Contudo o homem sabe que apetece ao que lhe daria uma plena satisfação, que é ser e não nada absoluto Sabendo o homem o que lhe daria a felicidade, ele terá que admitir que a felicidade é inteligível. Ora todo ser é inteligível. Se a felicidade é inteligível é ser, embora não atual para nós, mas potencial. Afirmar os postulados pessimistas como necessários seria afirmar o nada absoluto, negar totalmente o ser, negar o bem, mesmo relativo. O mal não é essencial ao mundo, mas acidental. Surge de uma relação, e não é em si, porque ele não é em si, pois é carência. O homem pode melhorar o mundo e a si mesmo. Ademais verifica-se que uns são mais infelizes que outros, enquanto outros mais afortunados, Ora o que é escalar não é da essência, porque a essência não é escalar. Só pode ser acidental. Portanto o mal é acidental, e o que é acidental não é absolutamente necessário. O pessimismo é, portanto, uma tendência com raízes e causas psicológicas. Não se pode negar ao homem a esperança, e esta é a virtude que consiste em confiar em valores superiores. Também não se justifica um otimismo, mas a compreensão da realidade da nossa existência. Se o homem sabe que há algo que lhe poderia dar a felicidade desejada, essa esperança, essa confiança nos valores superiores tem uma raiz real e não é um sonho. Aqueles que dizem que o bem é apenas subjetivo, confundem bem relativo com bem absoluto.
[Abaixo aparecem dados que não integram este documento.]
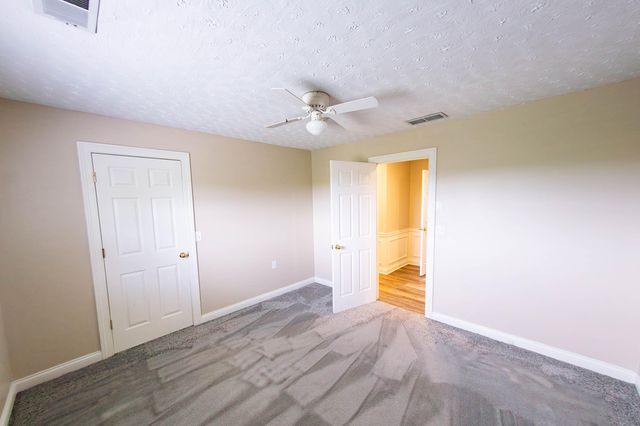 109 Rolling Hills Drive, Somerset, KY 42503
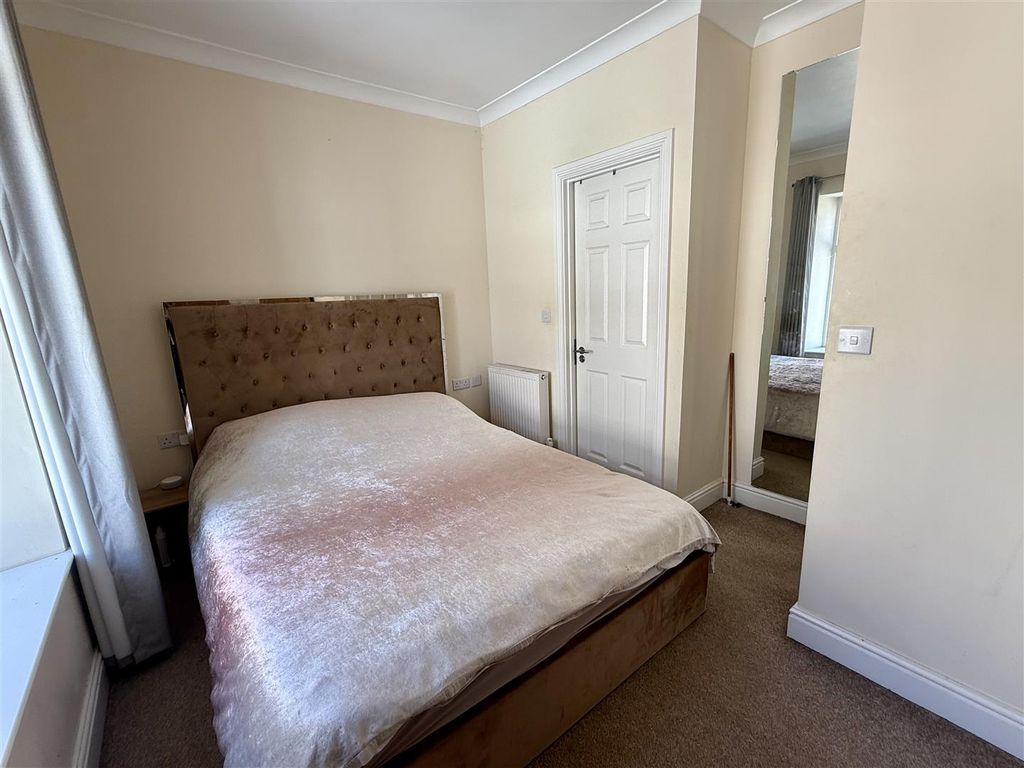 Heol Wepner Pontyates Llanelli SA15 3 Bed Detached House For Sale heol-wepner-pontyates-llanelli-sa15-3-bed-detached-house-for-sale
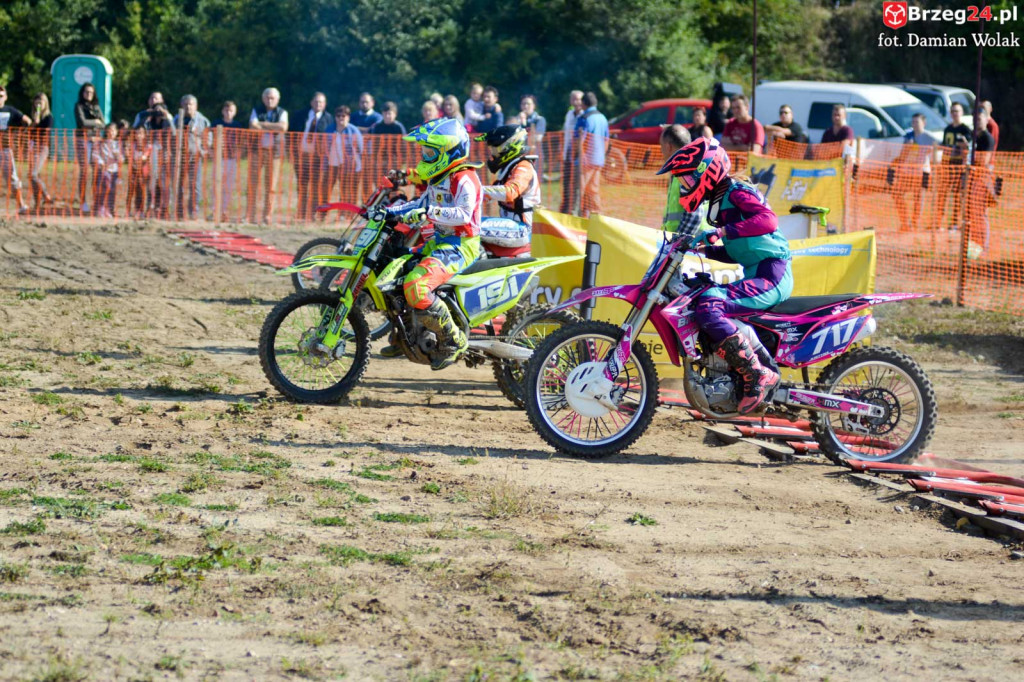 Motocross powrócił do Grodkowa. Ryk silników przyciągnął wielu kibiców [fotorelacja]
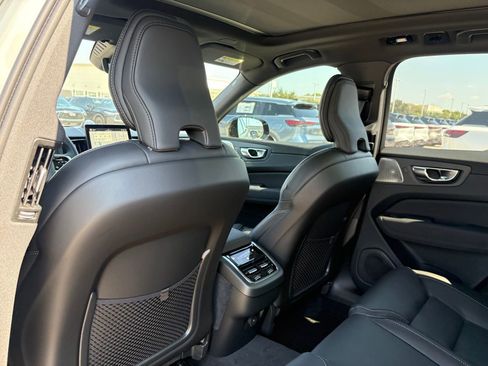 New 2026 Volvo XC60 B5 Ultra w/ Protection Package Premier image 24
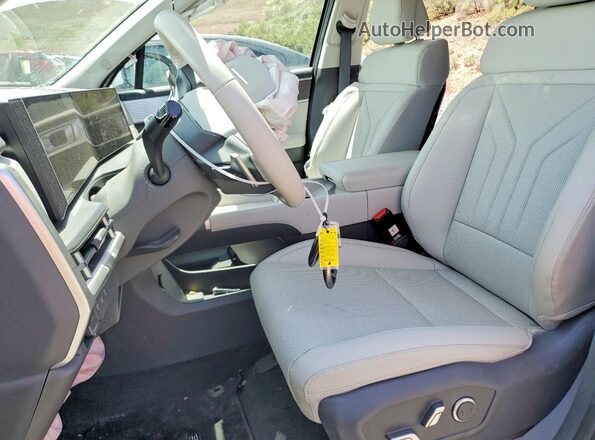 5NMP2DGL3SH078369 2025 HYUNDAI SANTA Silver Սալոնի դիմացի տեսք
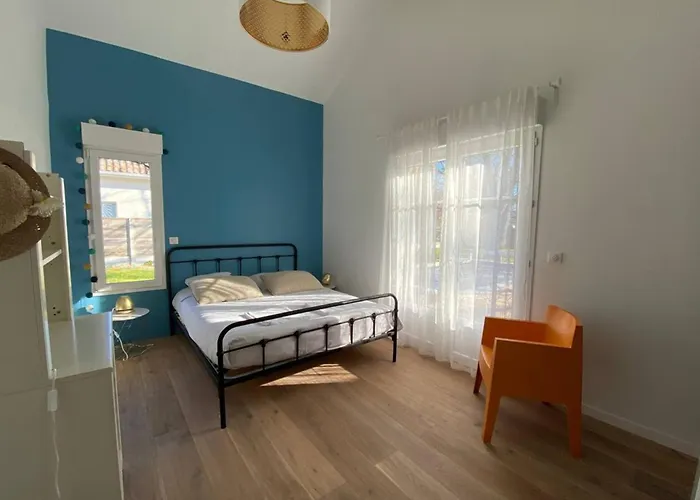 Caprice à Avec Piscine Chauffée Hébergement de vacances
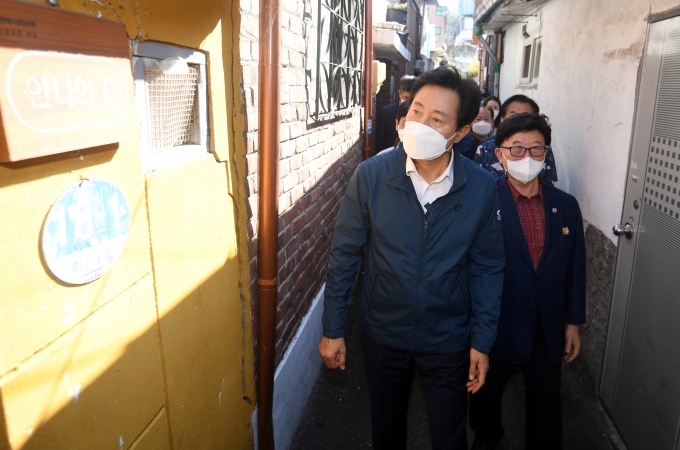 ▲오세훈 서울시장이 ‘신통기획’ 대상지로 선정된 서울 관악구 신림1재정비 촉진구역을 방문했다./사진=뉴시스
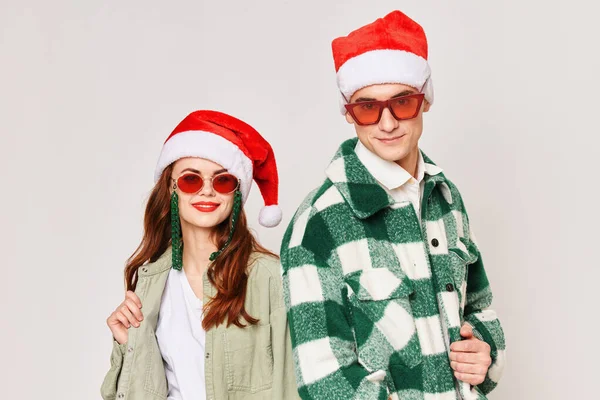 Homme et femme sont debout à côté du Nouvel An amusant vacances d'hiver Noël — Photo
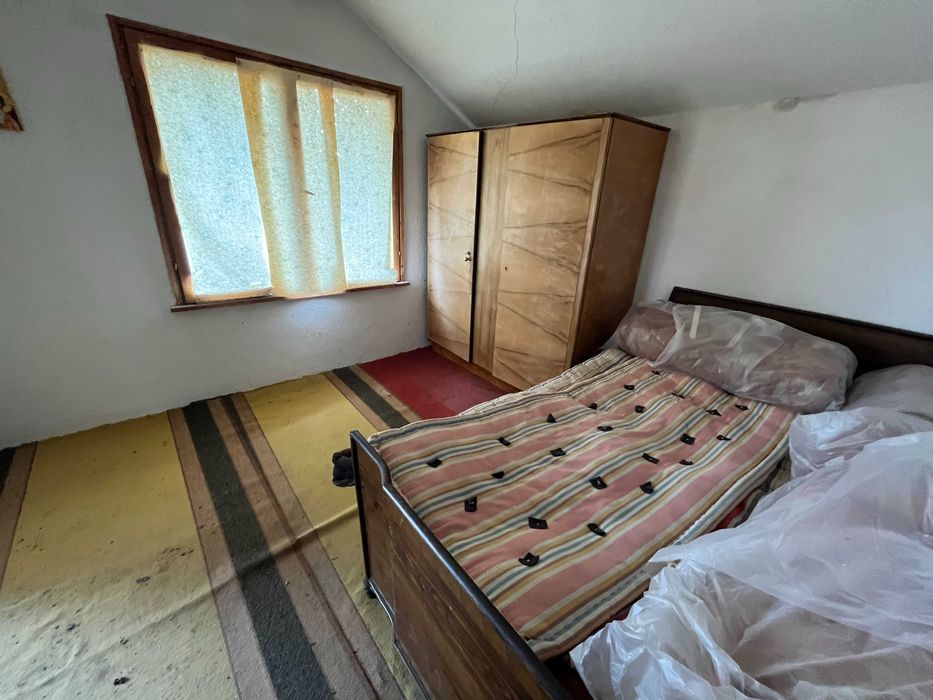 Продава прекрасна къща в село Долно Сахране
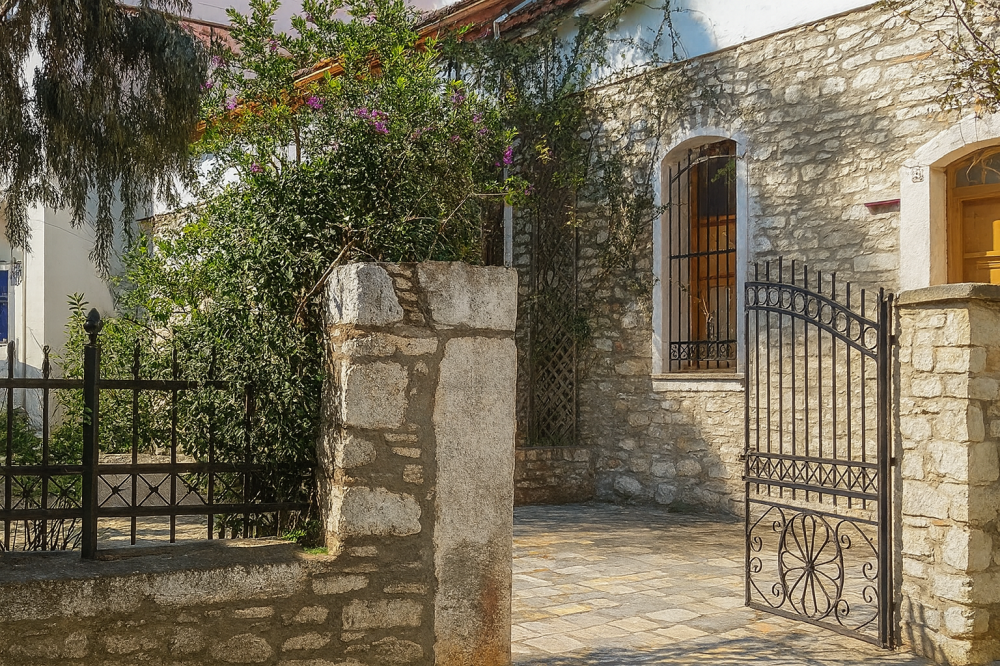 Χωρίς ποδαρικό... και ευχές το 1ο Δημοτικό Συμβούλιο Σκιάθου για το 2026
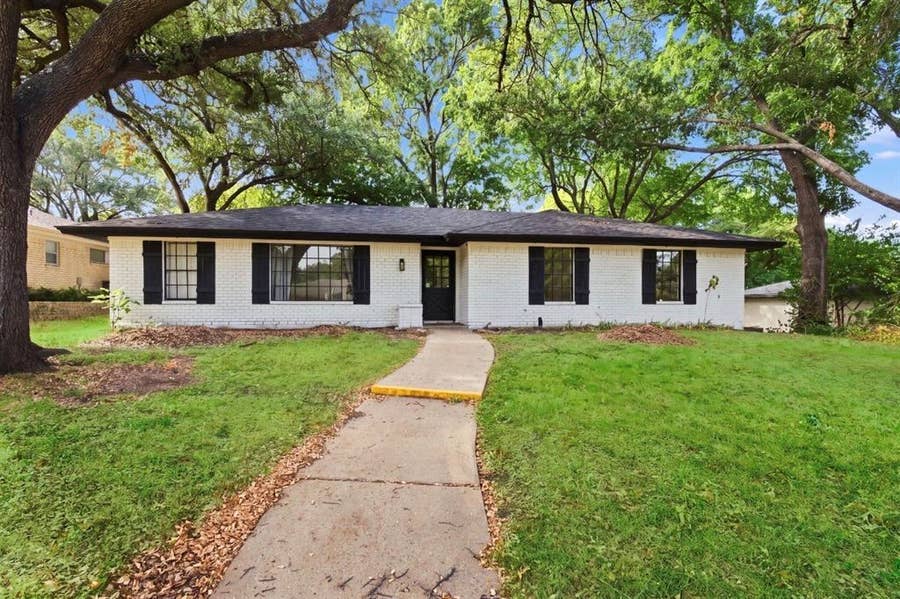 Property photo for 1505 Westridge Drive, Plano, TX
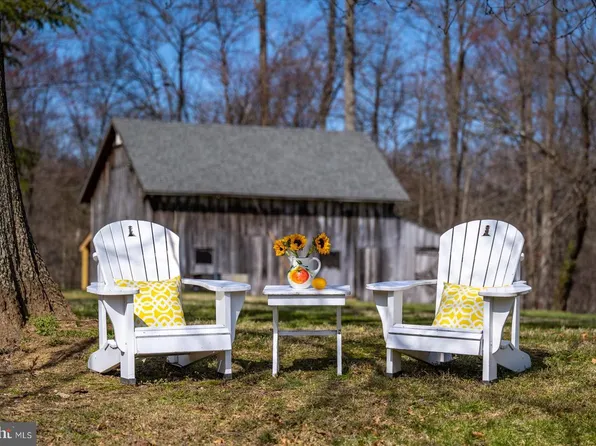 1116 Gumbottom Rd, Crownsville, MD 21032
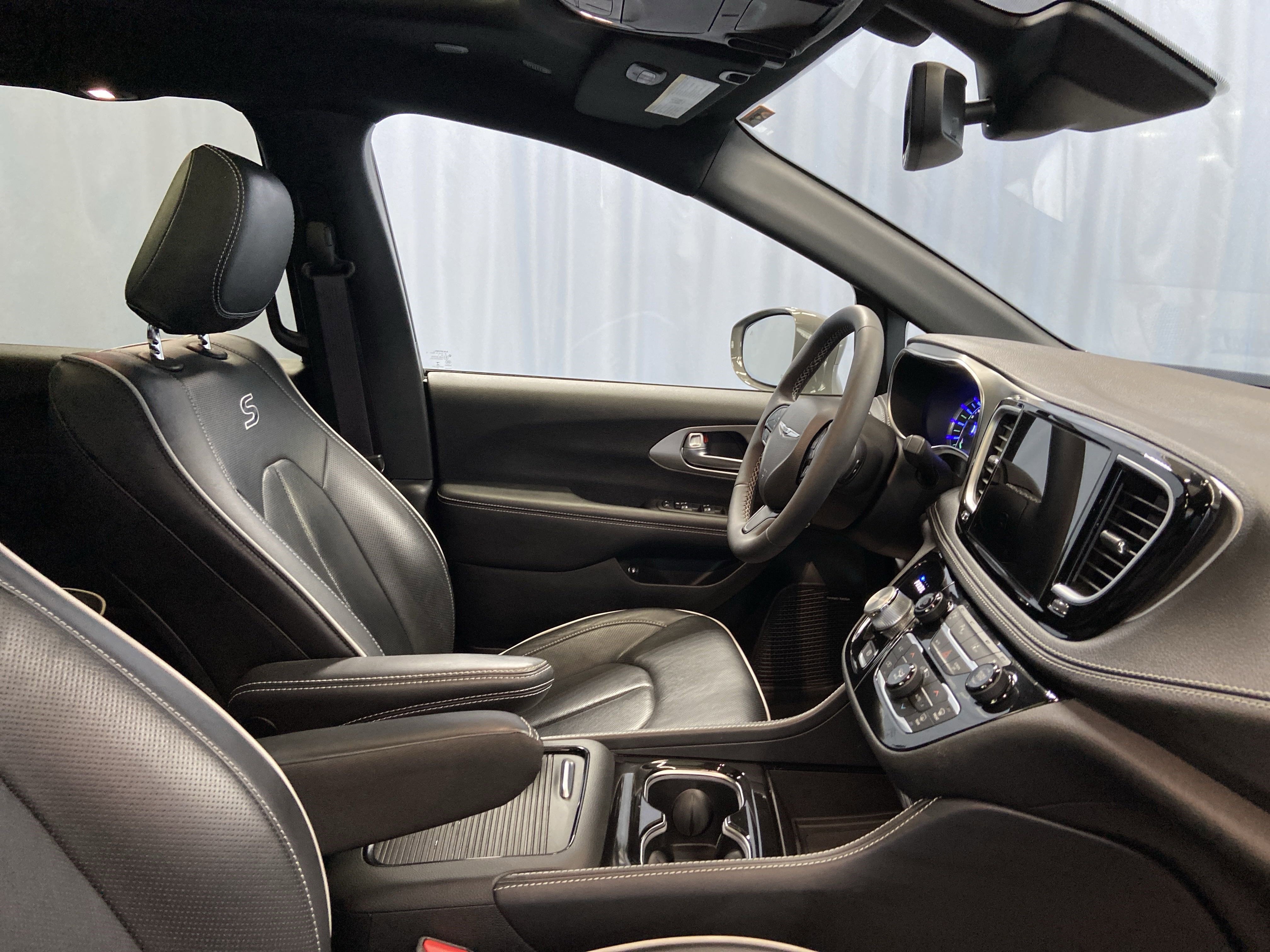 Used 2022 Chrysler Pacifica Limited w/ S Appearance Package image 50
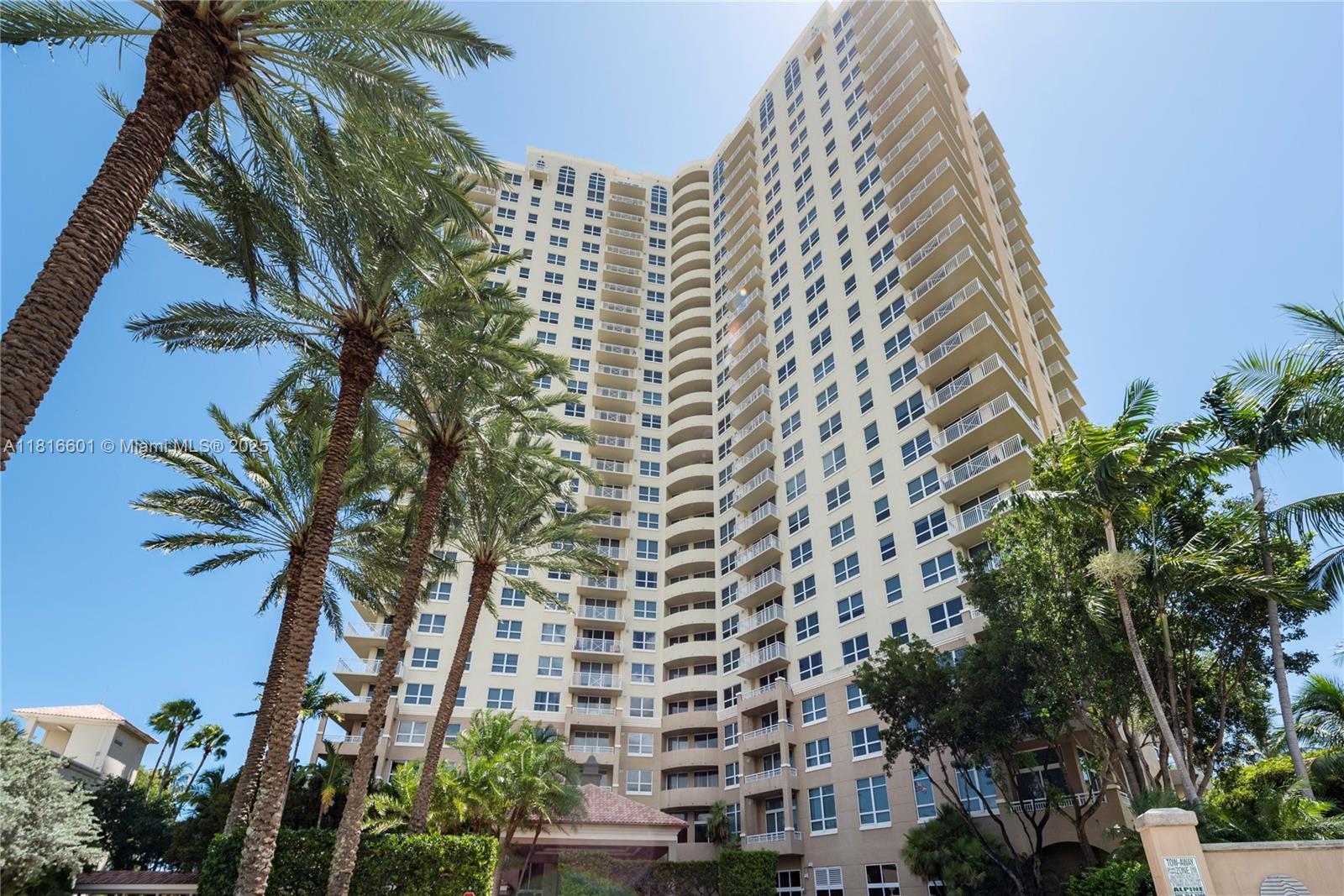19501 W Country Club Dr #2210, Aventura FL 33180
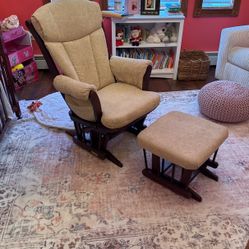 Rocking Chair 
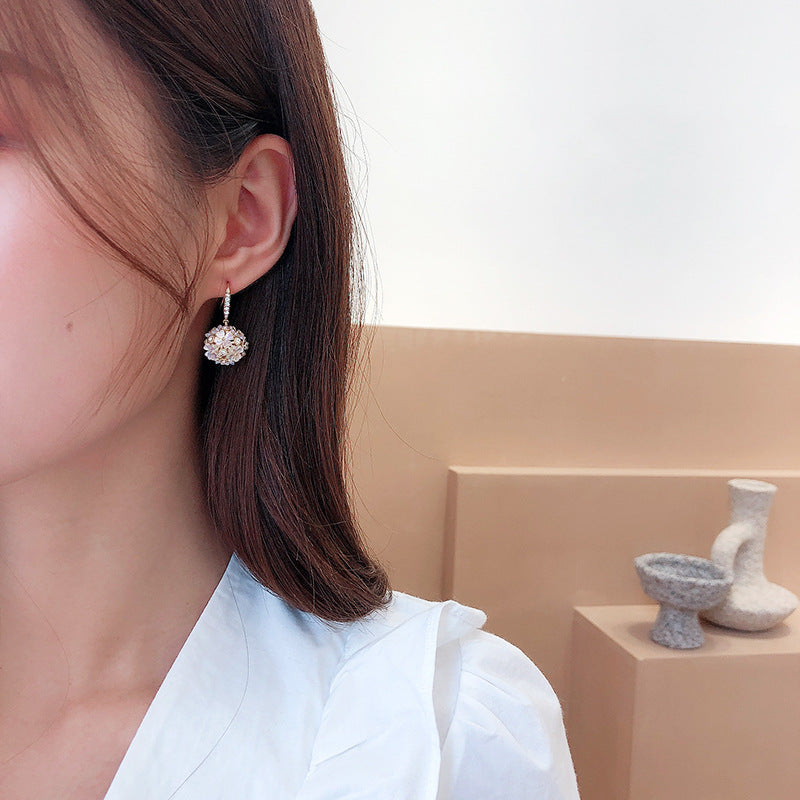 Hydrangea Shell Flower Earrings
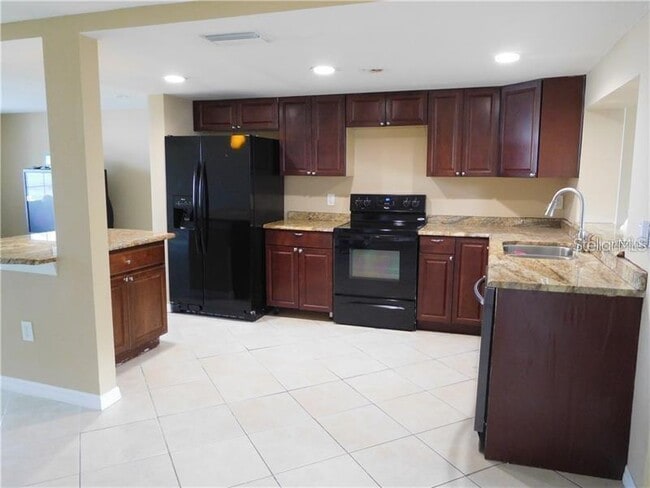 7333 Sequoia Dr in New Port Richey, FL - Building Photo - Building Photo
Bem, no sentido de moralmente bom, como tal, é um dos conceitos normativos fundamentais, ao lado dos valores do verdadeiro e do belo. É um ato que, em um caso determinado, considera-se como o moralmente preferível. Com respeito aos atos realizados é aquele que encontra aprovação; com respeito aos atos futuros é aquele que deve ser realizado. Mas o Bem difere do Dever: 1) enquanto não implica nenhuma ideia de obrigação ou de obediência a uma autoridade, mas somente de norma e de perfeição (como se fosse considerado como uma qualidade inerente a um sujeito, o que de fato é, segundo alguns filósofos, sendo negado por outros), e 2) enquanto o Bem concerne ao próprio ato que deve ser realizado e não à intenção.

Kant, para colocar os valores morais em uma posição de plena independência, com respeito a todos os outros, negou que o bem e o mal fossem valores materiais e reduziu esses princípios à conformidade ou não-conformidade a um preceito imperativo, como um "dever-ser" normativo. Como o bem se pode manifestar em atos diferentes conforme as circunstâncias de um caso determinado, Kant chega à afirmação de que o único bem incondicional é uma vontade boa. Essa concepção foi combatida pelos representantes do neo-realismo como Scheler que defende que "o bem e o mal são qualidades irredutíveis que se oferecem imediatamente à intuição emocional" que, segundo ele, é o órgão adequado para a apreensão dos valores. (3)


(1) LOGOS – ENCICLOPÉDIA LUSO-BRASILEIRA DE FILOSOFIA. Rio de Janeiro: Verbo, 1990.

(2) EDIPE - ENCICLOPÉDIA DIDÁTICA DE INFORMAÇÃO E PESQUISA EDUCACIONAL. 3. ed. São Paulo: Iracema, 1987.

(3) SANTOS, M. F. dos. Dicionário de Filosofia e Ciências Culturais. 3. ed. São Paulo: Matese, 1965.